Approaches to multistrategy learning fall into three broad categories, which we call strategy selection models, toolbox models, and cascade models. The common element in all these approaches is the use of multiple learning methods to allow the reasoning system to learn in multiple types of learning situations. In strategy selection models, the reasoner has access to several learning strategies, each represented as a separate algorithm or method. Learning involves an explicit decision stage in which the appropriate learning strategy is identified, followed by a strategy application stage in which the corresponding algorithm is executed. Methods for strategy selection also differ. The Meta-AQUA system uses characterizations of reasoning failures to determine what to learn and, in turn, the learning strategies to use when building a learning plan. Toolbox models are similar to strategy selection models in that they too incorporate several learning strategies in a single system. The difference is that these strategies are viewed as tools that can be invoked by the user to perform different types of learning. The tools themselves are available for use by other tools; thus, learning strategies may be organized as co-routines. In cascade models, two or more learning strategies are cascaded sequentially, with the output of one strategy serving as the input to another. Clearly, these categories of models are not exclusive of each other (e.g., a strategy selection system may choose to cascade learning strategies in certain circumstances), but they serve to characterize the major ways in which learning strategies may be integrated.

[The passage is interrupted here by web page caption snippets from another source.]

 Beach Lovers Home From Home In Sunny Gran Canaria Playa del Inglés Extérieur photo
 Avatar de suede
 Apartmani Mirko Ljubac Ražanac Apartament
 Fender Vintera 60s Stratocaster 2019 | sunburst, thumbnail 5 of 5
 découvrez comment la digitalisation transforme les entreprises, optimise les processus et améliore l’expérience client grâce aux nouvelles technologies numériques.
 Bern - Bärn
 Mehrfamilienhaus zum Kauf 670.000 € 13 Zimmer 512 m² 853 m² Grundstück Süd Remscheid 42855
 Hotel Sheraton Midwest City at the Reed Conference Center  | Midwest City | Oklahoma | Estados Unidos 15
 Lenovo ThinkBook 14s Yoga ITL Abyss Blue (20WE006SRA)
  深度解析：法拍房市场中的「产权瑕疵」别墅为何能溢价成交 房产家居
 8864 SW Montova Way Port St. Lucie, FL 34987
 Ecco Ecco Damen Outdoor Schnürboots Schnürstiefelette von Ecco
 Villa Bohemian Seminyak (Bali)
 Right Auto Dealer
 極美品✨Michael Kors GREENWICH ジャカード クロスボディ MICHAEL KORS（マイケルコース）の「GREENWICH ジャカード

Research into multistrategy learning is useful on pragmatic grounds when complex worlds are the domains of learning systems. Such approaches allow for maximal flexibility. Significant interactions are present in multistrategy systems, however, that are not apparent in isolated systems. For example, if two algorithms modify the domain knowledge of the system, and a dependency exists between the two, such that one strategy modifies a part of the domain knowledge that the second one uses, then an implied sequencing must be enforced; that is, the first strategy must be applied before the second. Such dependencies do not exist in single-strategy systems.

The general model of learning from Figure 10 can be refined to a multistrategy framework as seen in Figure 11. The problem generation module outputs a story to the story-understanding performance system with the initial goal to understand the input. The performance module uses schemas from the BK to explain the story and to build a representation for it in the FK. If this task fails, then a trace of the reasoning that preceded the failure is passed to the learning subsystem.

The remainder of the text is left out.